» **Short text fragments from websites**
--- START ---

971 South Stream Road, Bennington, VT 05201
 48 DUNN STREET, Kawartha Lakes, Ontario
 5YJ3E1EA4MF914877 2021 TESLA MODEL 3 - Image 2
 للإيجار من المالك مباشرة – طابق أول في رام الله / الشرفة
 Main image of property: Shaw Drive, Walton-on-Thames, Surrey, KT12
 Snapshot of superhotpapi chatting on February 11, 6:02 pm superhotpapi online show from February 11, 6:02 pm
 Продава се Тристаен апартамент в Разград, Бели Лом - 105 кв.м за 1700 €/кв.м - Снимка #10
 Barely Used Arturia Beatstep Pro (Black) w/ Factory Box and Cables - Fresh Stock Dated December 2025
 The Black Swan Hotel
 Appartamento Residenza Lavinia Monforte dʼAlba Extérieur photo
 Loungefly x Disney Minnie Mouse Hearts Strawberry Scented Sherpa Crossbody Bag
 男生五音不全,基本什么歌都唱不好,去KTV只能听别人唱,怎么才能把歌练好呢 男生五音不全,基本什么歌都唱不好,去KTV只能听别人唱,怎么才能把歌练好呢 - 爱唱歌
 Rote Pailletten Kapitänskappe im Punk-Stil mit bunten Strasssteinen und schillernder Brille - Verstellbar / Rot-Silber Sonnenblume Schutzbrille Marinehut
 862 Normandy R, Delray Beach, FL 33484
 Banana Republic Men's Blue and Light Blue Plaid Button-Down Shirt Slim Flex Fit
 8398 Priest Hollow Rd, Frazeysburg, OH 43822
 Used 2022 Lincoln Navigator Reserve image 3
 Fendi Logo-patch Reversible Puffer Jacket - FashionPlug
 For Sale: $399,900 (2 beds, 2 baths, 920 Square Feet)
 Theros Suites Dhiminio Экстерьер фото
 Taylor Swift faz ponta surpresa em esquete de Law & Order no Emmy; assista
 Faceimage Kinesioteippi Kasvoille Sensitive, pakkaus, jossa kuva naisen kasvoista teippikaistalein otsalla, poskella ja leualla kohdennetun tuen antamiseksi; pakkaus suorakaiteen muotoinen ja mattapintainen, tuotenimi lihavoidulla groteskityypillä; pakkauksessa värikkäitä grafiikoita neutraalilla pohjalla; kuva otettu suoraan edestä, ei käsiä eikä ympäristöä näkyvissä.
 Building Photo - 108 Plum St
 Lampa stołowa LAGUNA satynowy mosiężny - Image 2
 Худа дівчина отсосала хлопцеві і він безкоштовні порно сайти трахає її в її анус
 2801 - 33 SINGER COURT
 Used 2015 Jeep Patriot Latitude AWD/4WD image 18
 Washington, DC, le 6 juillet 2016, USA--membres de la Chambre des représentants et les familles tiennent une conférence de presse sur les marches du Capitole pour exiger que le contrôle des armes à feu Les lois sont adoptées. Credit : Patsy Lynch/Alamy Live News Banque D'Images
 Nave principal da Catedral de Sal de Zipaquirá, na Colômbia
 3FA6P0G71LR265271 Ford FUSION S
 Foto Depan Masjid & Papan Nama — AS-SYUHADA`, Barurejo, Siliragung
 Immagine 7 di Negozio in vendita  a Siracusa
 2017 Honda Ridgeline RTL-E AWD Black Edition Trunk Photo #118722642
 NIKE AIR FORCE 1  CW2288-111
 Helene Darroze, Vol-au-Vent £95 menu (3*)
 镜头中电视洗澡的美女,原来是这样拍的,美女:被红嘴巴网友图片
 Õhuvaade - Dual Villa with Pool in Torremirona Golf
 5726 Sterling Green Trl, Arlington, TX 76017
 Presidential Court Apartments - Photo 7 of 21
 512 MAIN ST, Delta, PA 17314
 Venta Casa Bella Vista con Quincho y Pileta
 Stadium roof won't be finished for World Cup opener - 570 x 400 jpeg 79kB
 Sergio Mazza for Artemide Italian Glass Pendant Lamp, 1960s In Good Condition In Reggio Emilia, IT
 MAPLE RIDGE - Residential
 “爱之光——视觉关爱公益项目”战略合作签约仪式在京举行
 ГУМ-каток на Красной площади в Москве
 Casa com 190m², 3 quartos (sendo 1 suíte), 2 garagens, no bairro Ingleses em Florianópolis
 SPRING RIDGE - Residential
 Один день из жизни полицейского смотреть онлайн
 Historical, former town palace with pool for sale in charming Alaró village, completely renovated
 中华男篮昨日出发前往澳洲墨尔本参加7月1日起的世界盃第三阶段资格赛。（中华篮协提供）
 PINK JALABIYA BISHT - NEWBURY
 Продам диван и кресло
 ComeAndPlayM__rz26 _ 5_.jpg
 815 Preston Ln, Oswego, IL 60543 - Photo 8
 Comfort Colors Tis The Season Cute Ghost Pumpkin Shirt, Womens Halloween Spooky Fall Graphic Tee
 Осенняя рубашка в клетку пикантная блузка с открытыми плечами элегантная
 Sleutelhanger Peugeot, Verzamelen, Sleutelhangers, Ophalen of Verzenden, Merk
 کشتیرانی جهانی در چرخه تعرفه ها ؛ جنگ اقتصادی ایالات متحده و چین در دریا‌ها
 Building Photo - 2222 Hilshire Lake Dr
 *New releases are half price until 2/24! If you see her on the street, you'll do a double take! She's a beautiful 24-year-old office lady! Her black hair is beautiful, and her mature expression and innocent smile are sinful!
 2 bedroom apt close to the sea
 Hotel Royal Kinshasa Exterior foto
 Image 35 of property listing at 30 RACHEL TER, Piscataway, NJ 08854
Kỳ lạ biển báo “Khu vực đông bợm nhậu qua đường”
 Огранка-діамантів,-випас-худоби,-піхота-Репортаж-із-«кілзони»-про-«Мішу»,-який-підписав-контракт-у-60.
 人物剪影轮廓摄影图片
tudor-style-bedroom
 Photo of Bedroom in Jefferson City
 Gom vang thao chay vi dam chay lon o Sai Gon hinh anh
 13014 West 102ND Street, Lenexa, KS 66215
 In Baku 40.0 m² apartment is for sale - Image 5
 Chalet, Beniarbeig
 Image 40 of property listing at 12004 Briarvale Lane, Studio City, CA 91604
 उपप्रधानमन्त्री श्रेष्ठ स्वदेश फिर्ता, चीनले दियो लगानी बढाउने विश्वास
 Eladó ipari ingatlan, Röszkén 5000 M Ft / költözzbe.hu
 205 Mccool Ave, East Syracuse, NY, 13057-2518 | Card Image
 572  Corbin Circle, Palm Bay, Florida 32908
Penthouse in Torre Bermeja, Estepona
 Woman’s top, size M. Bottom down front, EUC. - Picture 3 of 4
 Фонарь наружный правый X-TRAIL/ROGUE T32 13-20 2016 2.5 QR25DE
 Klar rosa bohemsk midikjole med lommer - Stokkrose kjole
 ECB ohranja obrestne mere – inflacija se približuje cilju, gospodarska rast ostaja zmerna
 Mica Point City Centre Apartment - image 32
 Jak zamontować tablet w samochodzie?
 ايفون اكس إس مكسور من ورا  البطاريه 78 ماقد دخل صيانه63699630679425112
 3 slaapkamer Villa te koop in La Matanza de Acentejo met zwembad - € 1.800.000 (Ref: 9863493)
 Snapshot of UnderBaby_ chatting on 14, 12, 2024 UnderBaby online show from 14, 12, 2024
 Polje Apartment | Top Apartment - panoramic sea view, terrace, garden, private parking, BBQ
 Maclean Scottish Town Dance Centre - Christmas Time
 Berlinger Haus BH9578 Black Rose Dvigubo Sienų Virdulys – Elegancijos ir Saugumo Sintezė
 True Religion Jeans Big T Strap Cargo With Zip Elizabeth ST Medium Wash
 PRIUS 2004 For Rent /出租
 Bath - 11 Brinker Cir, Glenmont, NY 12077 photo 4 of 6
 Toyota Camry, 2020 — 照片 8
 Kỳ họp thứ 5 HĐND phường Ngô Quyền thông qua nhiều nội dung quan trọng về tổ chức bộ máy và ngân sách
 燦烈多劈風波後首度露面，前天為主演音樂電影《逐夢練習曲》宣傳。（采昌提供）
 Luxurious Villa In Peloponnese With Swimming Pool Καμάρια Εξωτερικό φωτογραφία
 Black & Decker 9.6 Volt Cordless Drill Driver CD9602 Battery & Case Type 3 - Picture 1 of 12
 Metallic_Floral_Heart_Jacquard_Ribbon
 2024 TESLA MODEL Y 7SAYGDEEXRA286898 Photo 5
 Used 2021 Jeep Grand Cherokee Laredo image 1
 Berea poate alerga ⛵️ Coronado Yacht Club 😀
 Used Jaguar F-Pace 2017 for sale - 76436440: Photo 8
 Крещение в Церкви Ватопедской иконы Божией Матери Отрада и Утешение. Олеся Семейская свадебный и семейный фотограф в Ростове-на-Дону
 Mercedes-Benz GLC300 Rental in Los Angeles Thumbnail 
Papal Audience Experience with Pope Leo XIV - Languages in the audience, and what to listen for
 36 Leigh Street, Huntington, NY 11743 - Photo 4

--- END ---

» **The task**
Look through the records and gather every line containing "Centre".

» **Written solution**
 Mica Point City Centre Apartment - image 32
 Maclean Scottish Town Dance Centre - Christmas Time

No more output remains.